Que sea atacado desde los gobiernos es ya un reconocimiento. Al que se suma,
actualmente, la guerra religiosa que mantienen con otros caracteres de la
guerra, como el Estado Islámico. De ahí que el interés, que es una constante a
lo largo del libro, se incremente cuando los autores se introducen en Siria, en
la guerra sin fin de un país que se parece demasiado a los Balcanes de los años
noventa. Las dificultades y el riesgo añaden una capa de tensión mientras nos
explican en qué consiste la labor de Meseguer y Zurutuza: centrarse en las vidas
de las pequeñas personas y referirse a las de las grandes como ideales.
Sus
compañeros de viaje son contrabandistas, mujeres, panaderos y, por supuesto,
guerrilleros.
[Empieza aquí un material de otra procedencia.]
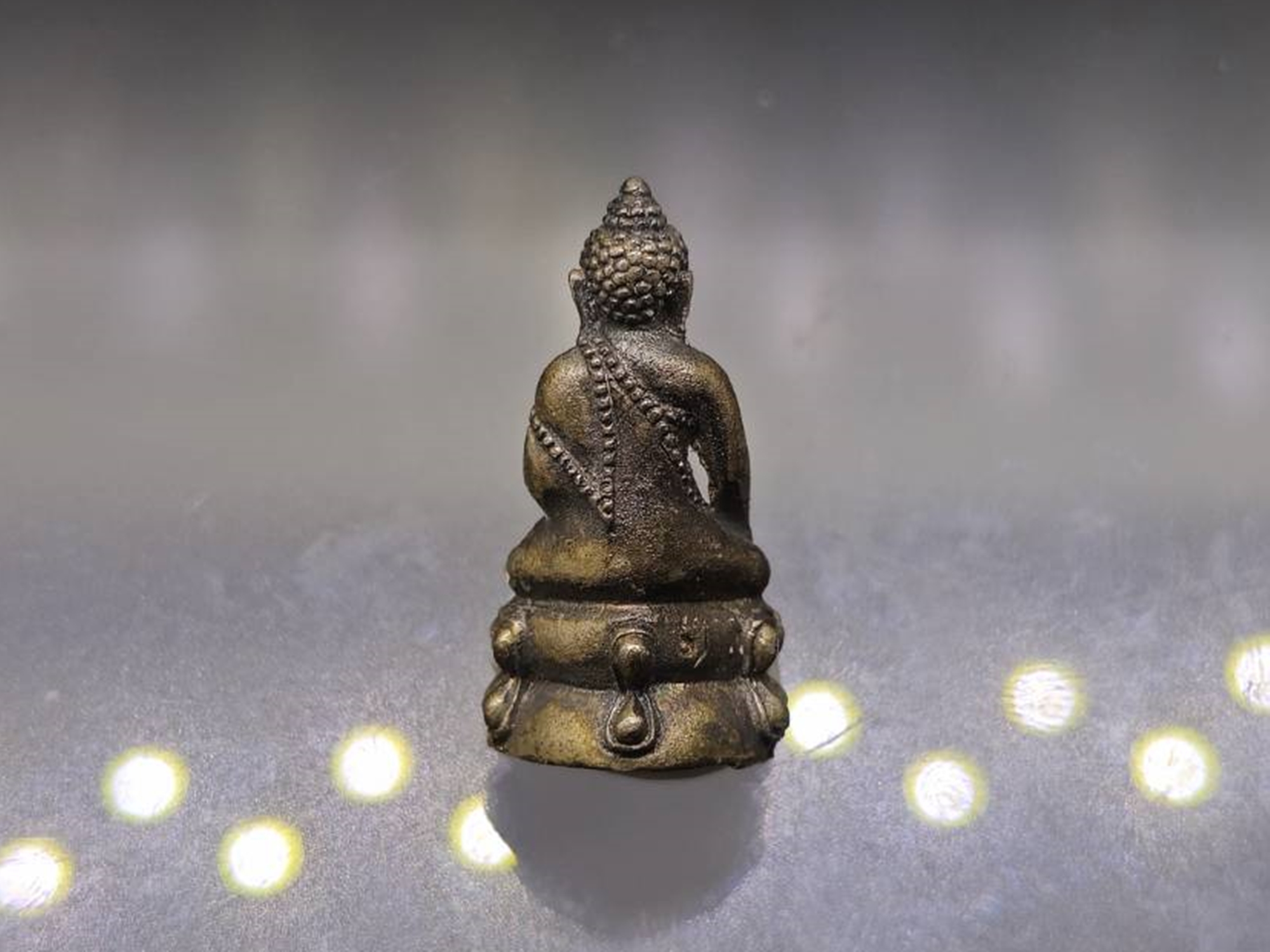 พระชัยวัฒน์นวปทุม ภปร. วัดปทุมวนาราม ปี2535 เนื้อเงิน (ในหลวงรัชกาลที่9เสด็จเททอง) นิยม หายาก มาพร้อมกล่องเดิมๆ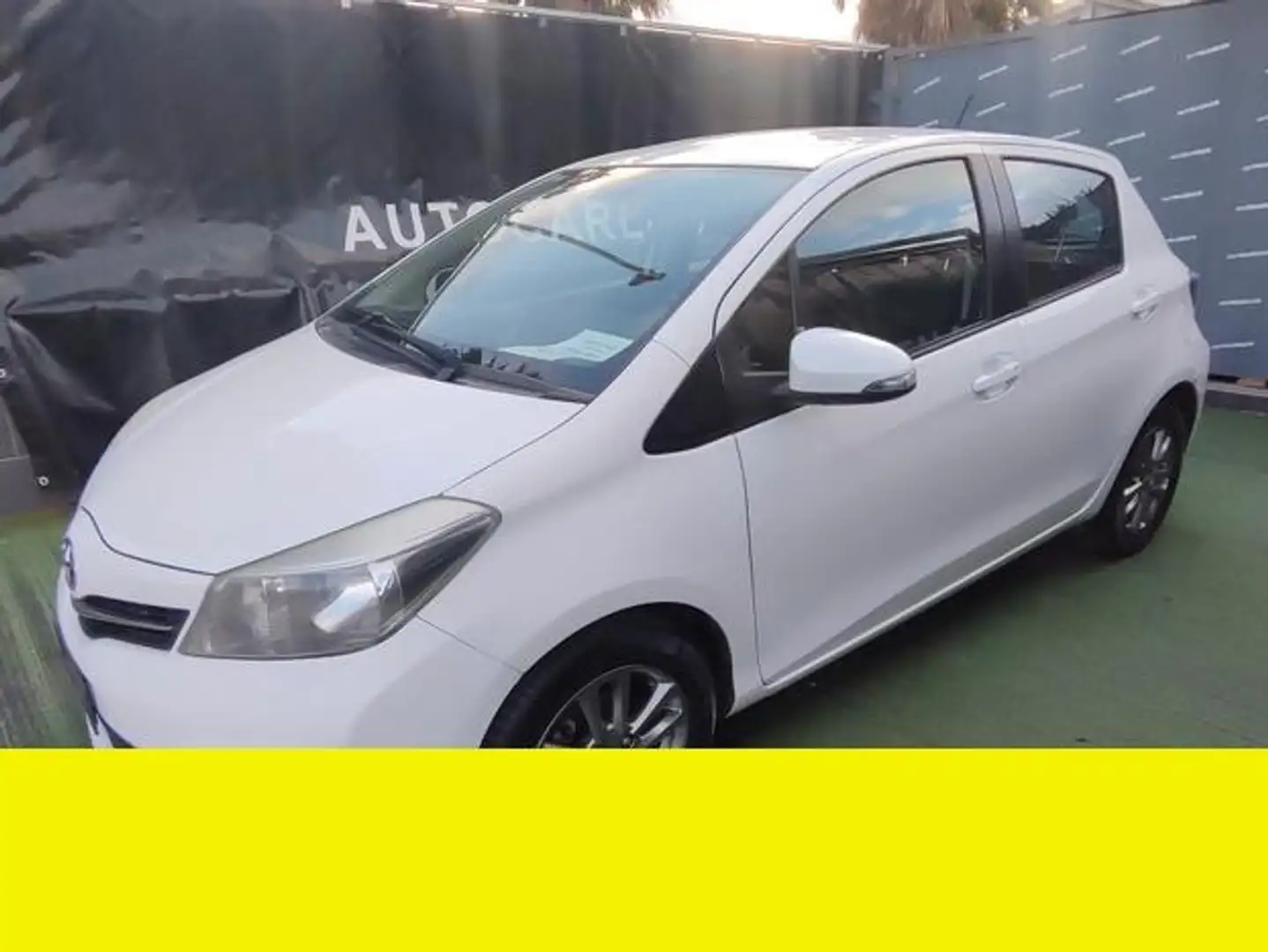 Toyota Yaris 1.4 DIESEL 90 CV "TAGLIANDI TOYOTA" Bianco - 1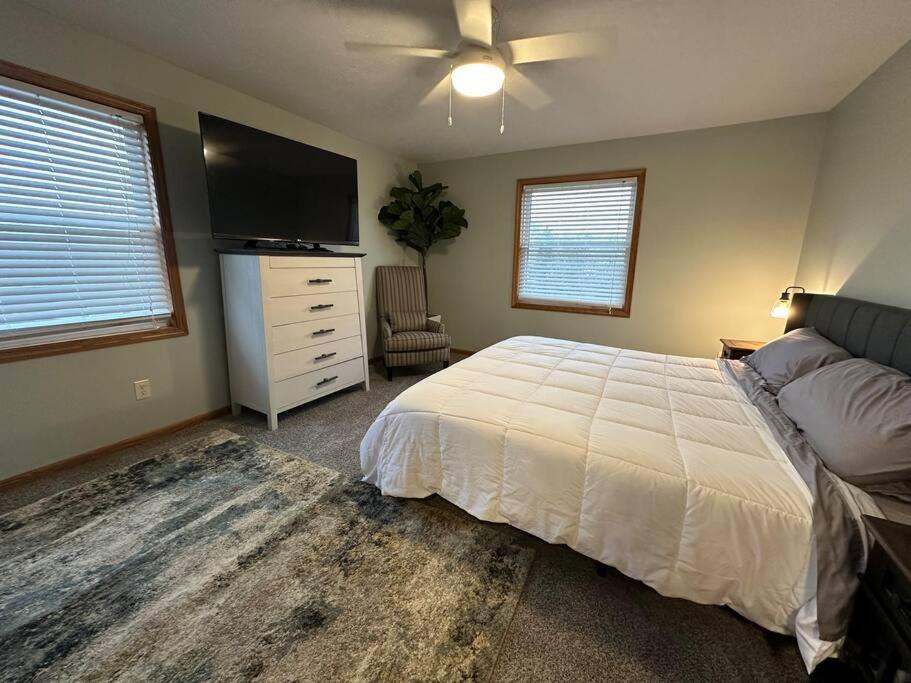Inviting 3 Bed 2.5 Bath Townhome In Wadsworth Εξωτερικό φωτογραφία
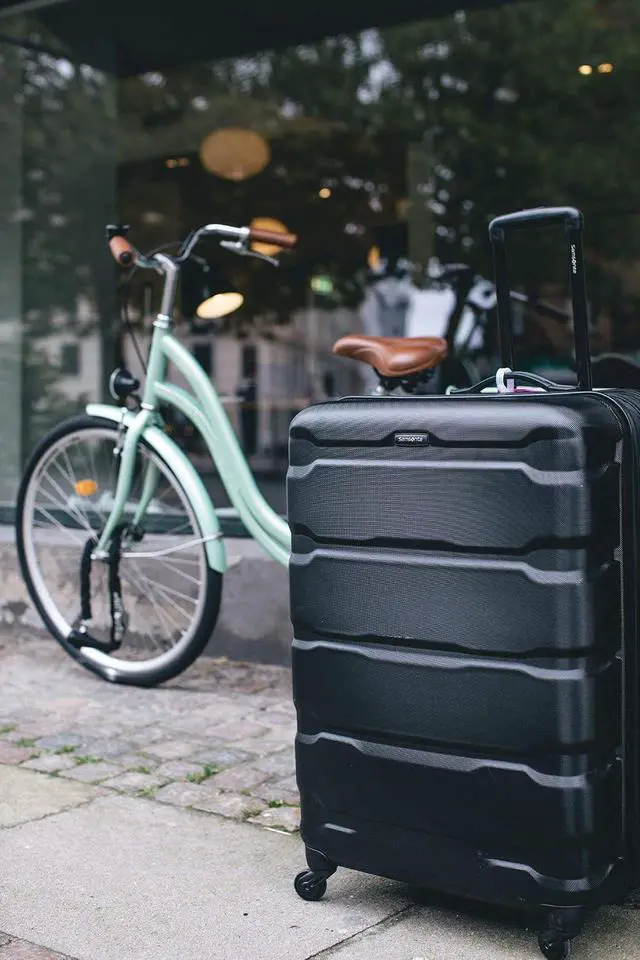 Alt view image 2 of 4 - Samsonite Omni PC Hardside Expandable Luggage with Spinner Wheels, Black, 3-Piece Set (20/24/28)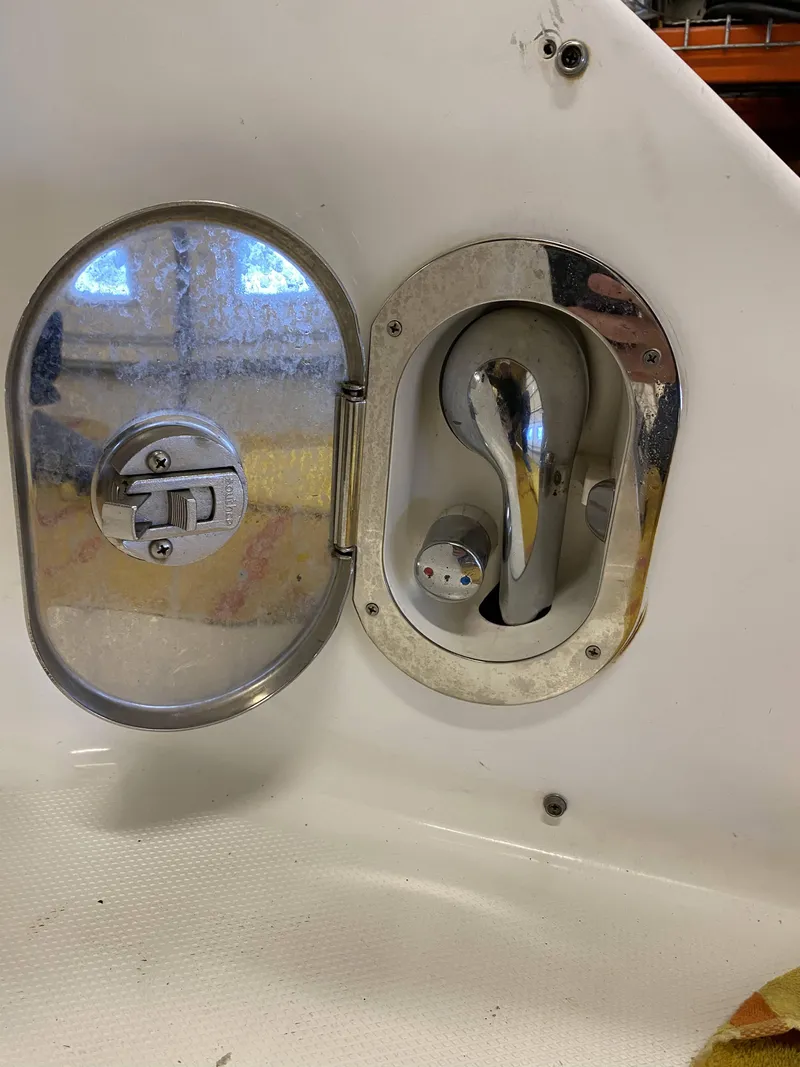 Slide: The Image of Sea Ray 270 Sundancer 2009 - 102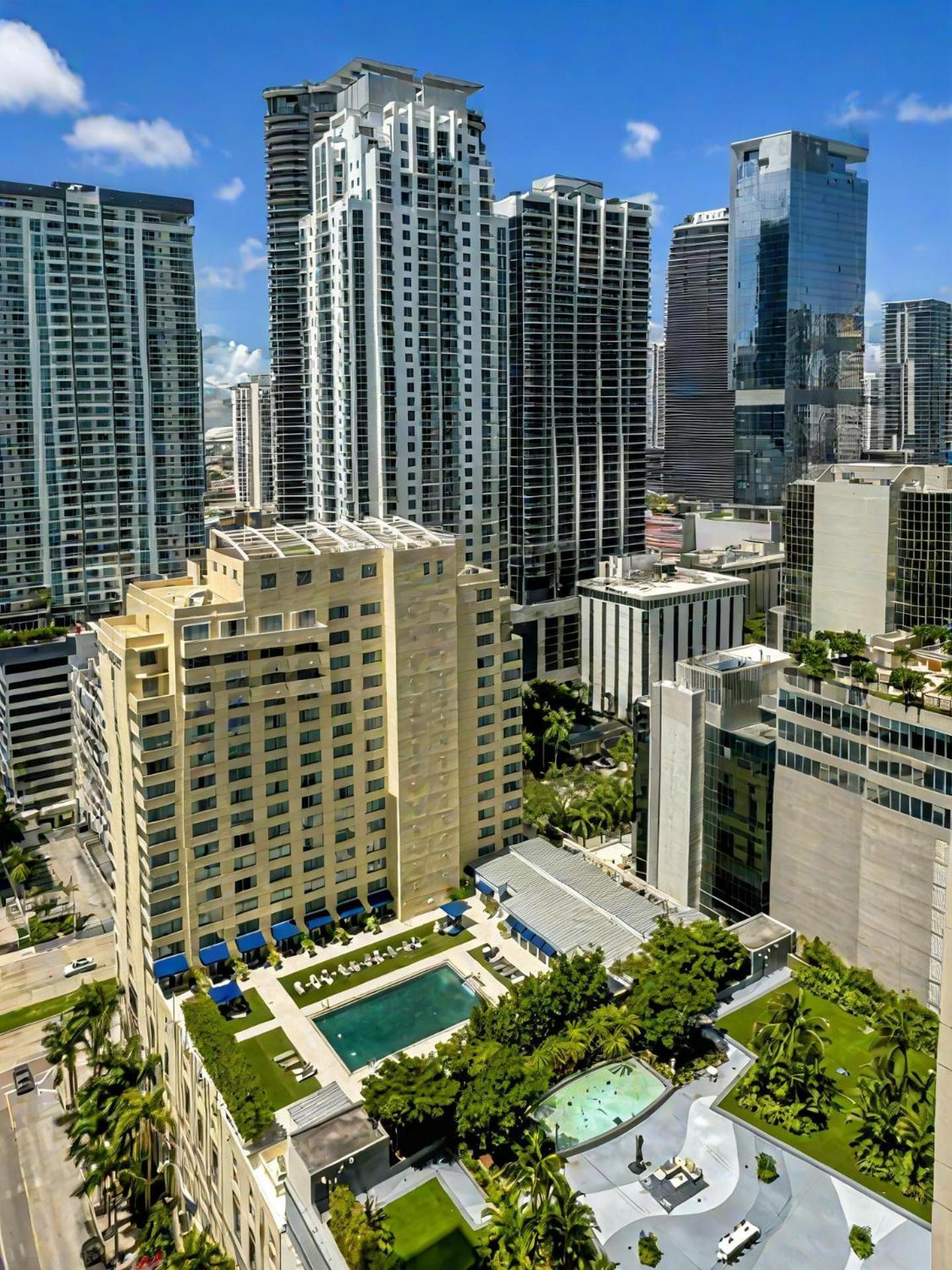Elegant Centric Vibrant Pool Jacuzzi Free Parking Apartment Miami Exterior foto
En sus cabezas ha encajado previamente, y nos lo explican con
facilidad, el puzle de la geografía humana y de la historia, también humana y
por tanto descabellada. Mientras sumamos invitados al libro, vamos comprobando
que la esperanza de vida entre los kurdos no es muy alta, que va descendiendo,
pues de muchas de las personas que conocen se tendrán que despedir antes de
terminar de redactar la obra que tenemos entre las manos. La mayor virtud de
Meseguer y Zurutuza es, sin embargo, la humildad. Sería fácil convertirse en
protagonista del relato, caer en la tentación del ego, alabarse a uno mismo enarbolando
la bandera de una causa de justicia, pero ellos saben colocarse como meros
testigos y dejan que los héroes sean anónimos. Saben que su trabajo, al fin y
al cabo, es de una inutilidad preciosa, pues escribir y denunciar no va a
cambiar las vidas de quienes han ido conociendo a lo largo de los viajes. Pero
se resisten, y hacen bien, a soltar esa piedra preciosa que es haber compartido
un sufrimiento que no tiene sentido y es demasiado extenso. Ese es el valor,
con toda la polisemia que contiene esta palabra, de este libro.